金融庁、監査法人のローテンション制度で調査報告

金融庁は20日、2016年3月に公表された「会計監査の在り方に関する懇談会」の提言を受け、「監査法人のローテーション制度に関する調査報告(第一次報告)」を公表した。同提言では、監査法人の強制ローテーション制度(企業が監査契約を締結する監査法人を一定期間ごとに交代させることを義務付ける制度)の導入について、諸外国の最近の動向等も踏まえて、金融庁において、深度ある調査・分析をすべきとされていた。

監査法人のローテーション制度は、2006年の金融審議会公認会計士制度部会で検討されたが、(1)監査法人の交代により監査人の知識・経験の中断が生じうる、(2)大手監査法人の数が限られ、現実的に交代が困難になるおそれがある等の観点から、その導入は見送られ、監査法人は交代させないが、企業の監査を担当するパートナーを監査法人内で一定期間ごとに交代させることを義務付ける「パートナーローテーション制度」の強化がなされた。

今回の調査報告によると、「パートナーローテーション制度」の有効性が検証されたが、 過去の不正会計事案において、同制度は期待された抑止効果を発揮できておらず、また、企業による自主的な監査法人の交代は進んでいないと指摘。東芝事案では同一監査法人が47年継続しており、TOPIX上位100社のうち、この10年間に監査法人が交代したのは5社と、企業と監査法人の監査契約は固定化している。

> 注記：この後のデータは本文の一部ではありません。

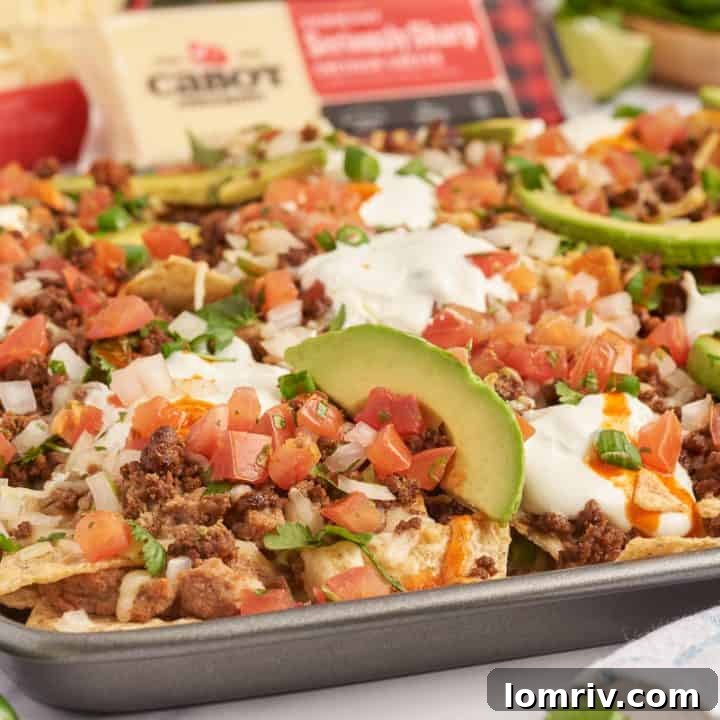 An upclose image of sheet pan nachos showing the sliced avocados and tortilla chips with melted cheese.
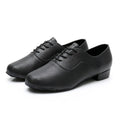 Men's black dancing shoes with a synthetic leather upper and calf leather sole, shown on a studio floor.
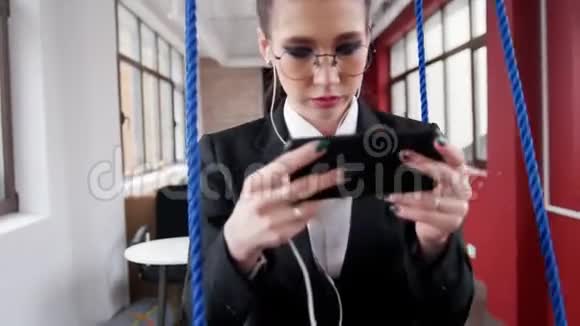 商业概念一个戴眼镜的年轻女子坐在办公室的秋千上听着音乐看着视频的预览图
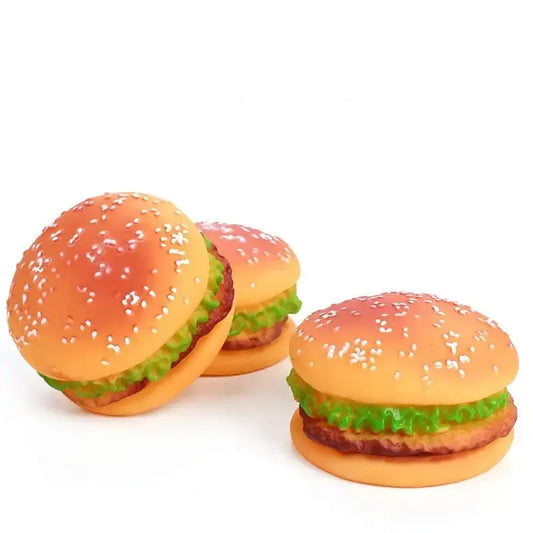 Toy hamburgers made of plastic with sesame seed buns, lettuce, and patties.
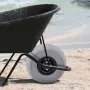 wheelbarrow with VEVOR beach balloon wheels on sandy shore near ocean waves.
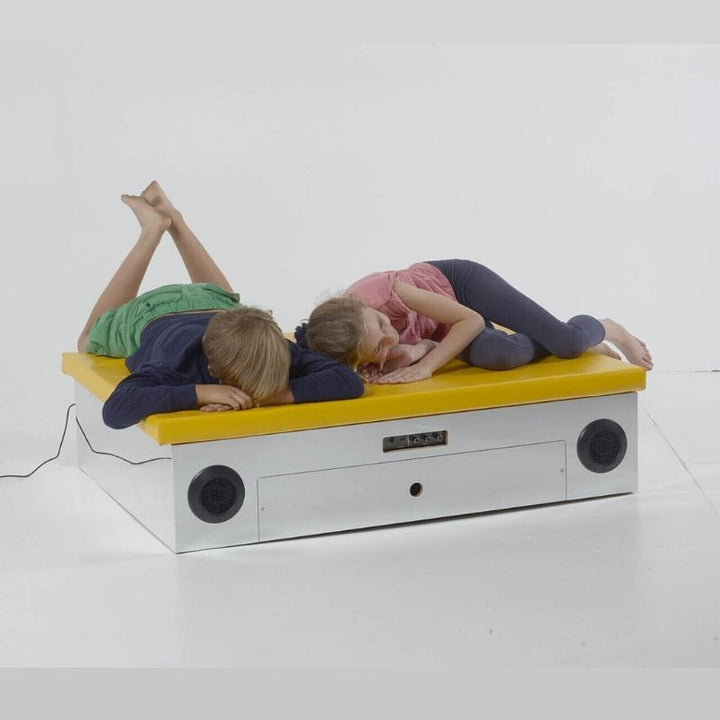 Two children using the TFH Vibroacoustic Platform with Foam Pad demonstrating full-body vibroacoustic sensory therapy and sound vibration input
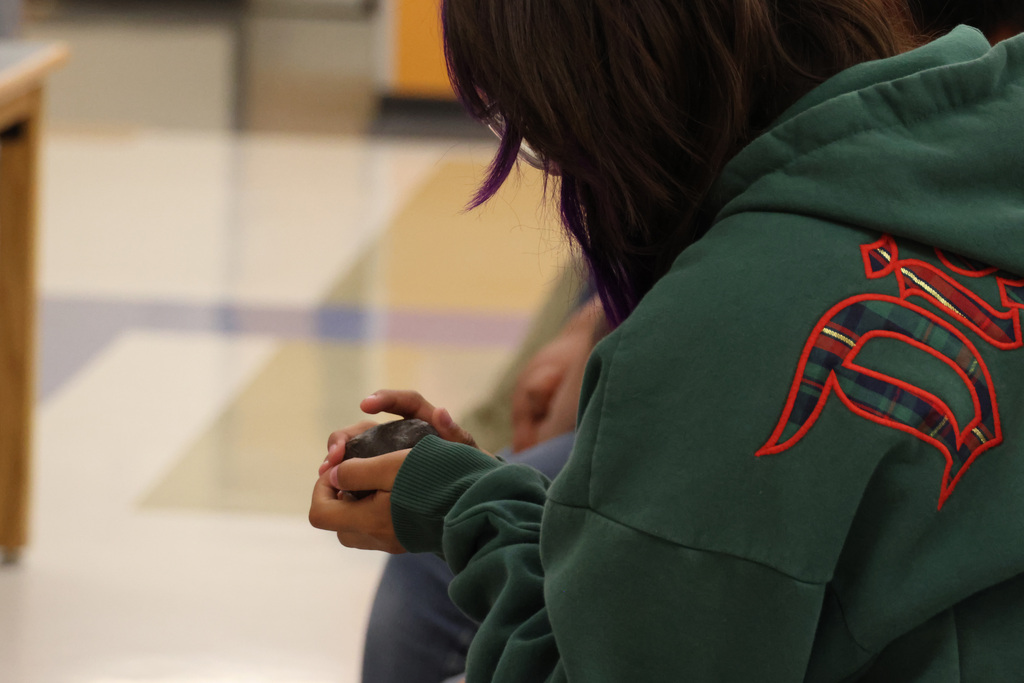 Person in green hoodie with red pattern on back, holding a small object, seated in a hallway.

一方、欧州における監査法人のローテーション制度導入をみてみると、EUでは、上場企業等に対し、その会計監査を担当する監査法人を一定期間ごとにローテーションさせる義務を課す規則を2016年6月より実施。規則の概要は、同一の監査法人による監査期間は、原則として、最長10年(その監査法人が再び監査を行うためには、交代後、4年間以上のインターバルが必要)とされている。

その導入の効果については、なお見極めに時間を要するが、欧州当局からのヒアリングによると、監査法人のローテーション制度導入による混乱はこれまでのところ見られていないという。調査報告は、「監査法人のローテーション制度については、国内の監査法人、企業、機関投資家等の関係者からのヒアリング等を実施し、さらなる調査・検討を進めていくことが適当」としている。